Perché ha deciso di raccontare oggi questa storia e di consegnare la sua memoria all’Archivio Diaristico nazionale di Pieve Santo Stefano?
“Questa è una testimonianza in memoria di mio padre per il dramma che mi porto dentro
Dopo tutti questi anni mi sento in colpa, penso a lui tutti i giorni, guardo la sua fotografia e ci parlo, come fosse qui. Sento il bisogno di raccontare la sua storia, anche ai ragazzi. Solo lo scorso anno sono andato in venti scuole. Io lo devo ringraziare l’Archivio dei Diari, mi hanno aiutato a liberarmi, perché finché non ho scritto questa storia la tenevo dentro di me, era un rimorso continuo. Non ho scritto tanto da giovane, ho dovuto imparare di nuovo a scrivere da grande, perché ho perso la mano destra in un infortunio sul lavoro. Così ho imparato a scrivere daccapo con la sinistra. Mia madre era anziana ma mentalmente lucida e le dicevo ‘Mamma mi racconti quando ero piccolo?’ e lei mi raccontava, e io ho iniziato a scrivere e a ricordare. Dopo ho raccolto questi fogli e li ho portati a Pieve. Mi hanno aiutato molto. Anche quest’anno tornerò al Premio, sono affezionato”.

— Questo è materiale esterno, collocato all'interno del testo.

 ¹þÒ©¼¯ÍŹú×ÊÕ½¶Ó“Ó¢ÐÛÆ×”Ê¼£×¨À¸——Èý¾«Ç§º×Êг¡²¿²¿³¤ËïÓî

Domani a Civitella in Val di Chiana ci sarò il presidente Mattarella e lei lo incontrerà, cosa gli dirà?
“Lo ringrazierò per portare onore ai caduti innocenti della guerra, non solo babbo, ma tutti. Mi ricordo in orfanotrofio eravamo tanti orfani di guerra. I nostri cari hanno bisogno di essere ricordati”.
Oggi la guerra è presente in tante parti del mondo e i bambini pagano un prezzo altissimo. Lei che ha vissuto la guerra…
“Io mi metto nei panni di tante bambine e bambini dell’Ucraina, di Gaza, in Africa, di tutto il mondo, che devono sopportare disagi, perdita dei genitori, la fame. Patiscono quello che ho patito io, sono solidale e dico ai giovani di oggi ‘quanto siete fortunati voi che non patite tutto questo’. E’ uno strazio dove i genitori non riescono a salvare i loro bambini. Sono cose che non devono succedere”
Pietro, questa è una storia triste, ma la sua vita non si è fermata a quel 1944. Dopo 89 anni di vita le chiedo, cos’è la felicità?
“Ho avuto una moglie speciale che ci siamo voluti bene fin da ragazzini, sempre insieme. Ho avuto l’amore di mia madre e l’affetto grande di mio figlio e sono contento. Bisogna imparare ad apprezzare un piccolo sentimento, una piccola gioia, un momento felice. Io parlando con lei lo sono tanto”.